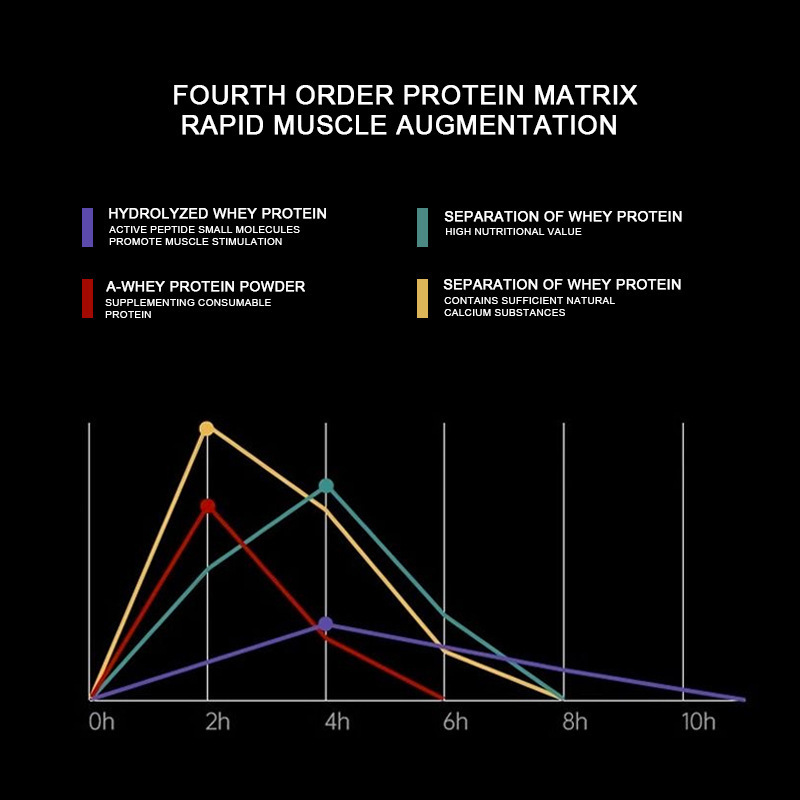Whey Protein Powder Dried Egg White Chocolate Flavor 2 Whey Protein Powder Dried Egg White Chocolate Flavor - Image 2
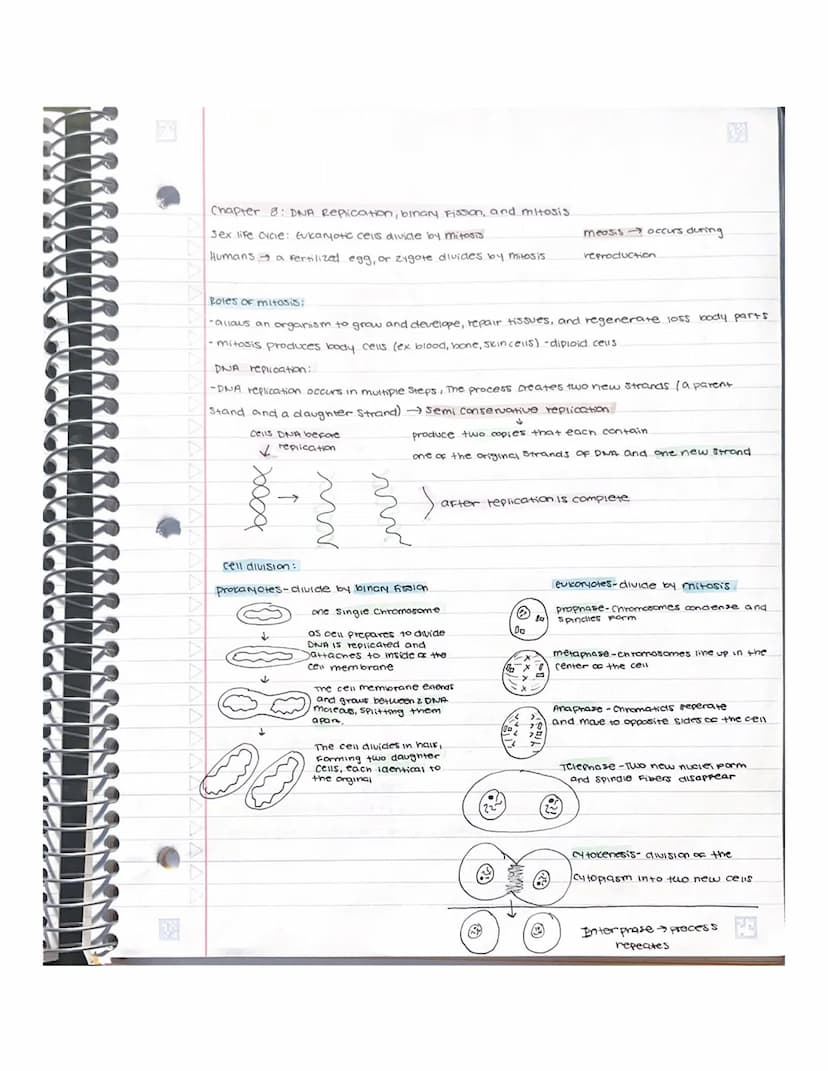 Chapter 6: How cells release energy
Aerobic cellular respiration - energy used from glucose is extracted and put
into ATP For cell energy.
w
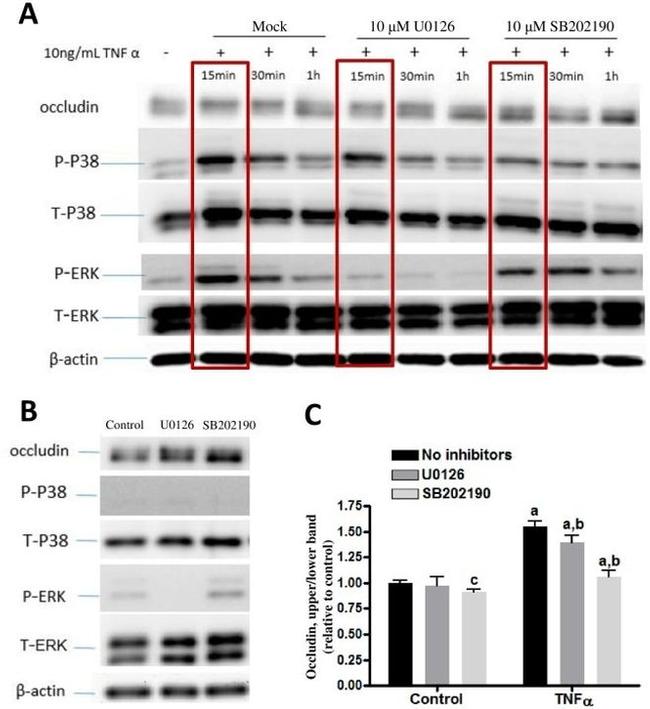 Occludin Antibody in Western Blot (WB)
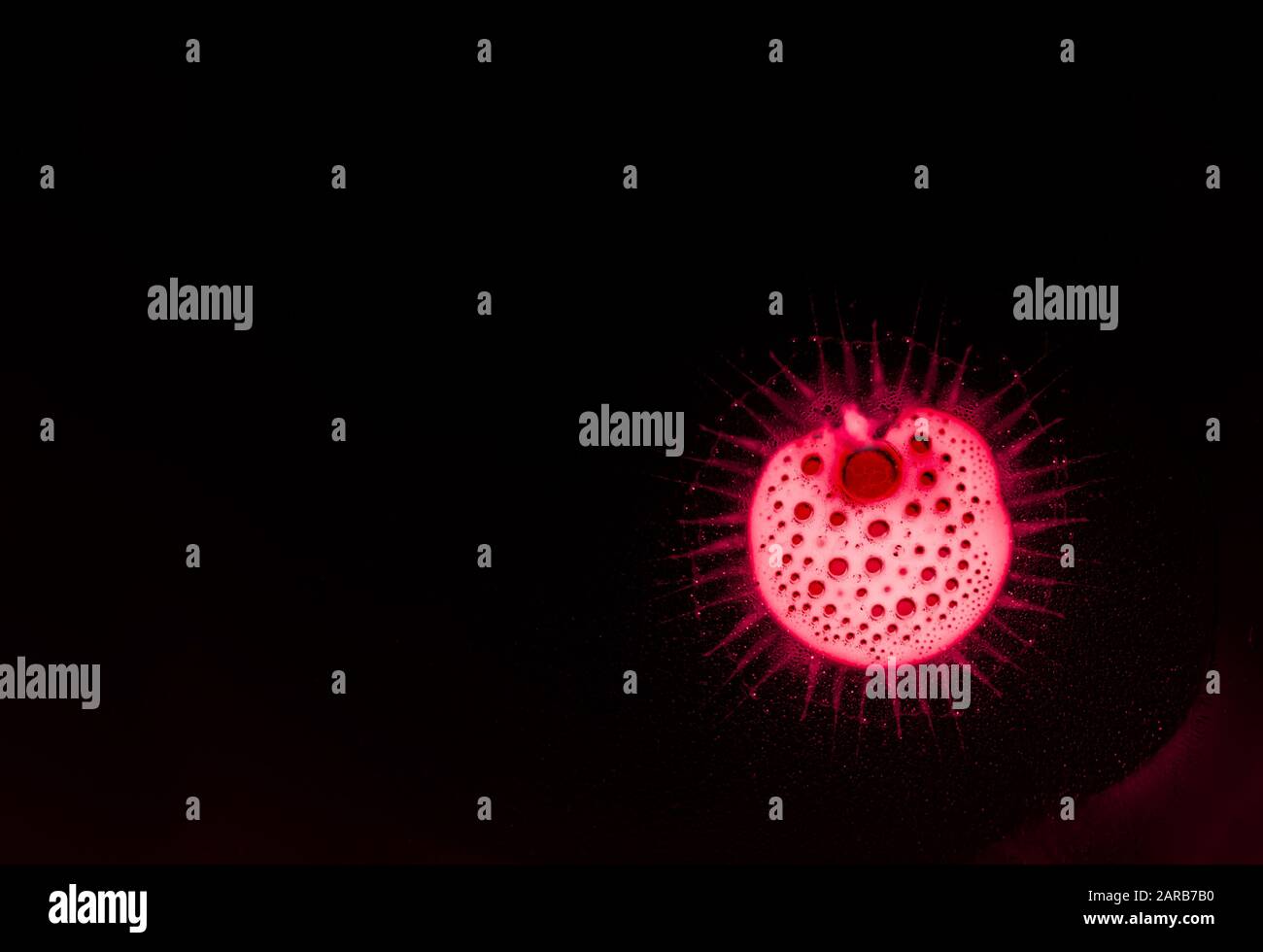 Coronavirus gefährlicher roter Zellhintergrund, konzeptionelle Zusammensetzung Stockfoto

Exercise prompt >> Begin with the line that contains "Occludin Antibody in Western Blot (WB)" and copy every line through the end of the listing, exactly as written, both ends included. Pictures are not part of the copy.

Task answer >>
 Occludin Antibody in Western Blot (WB)
 Coronavirus gefährlicher roter Zellhintergrund, konzeptionelle Zusammensetzung Stockfoto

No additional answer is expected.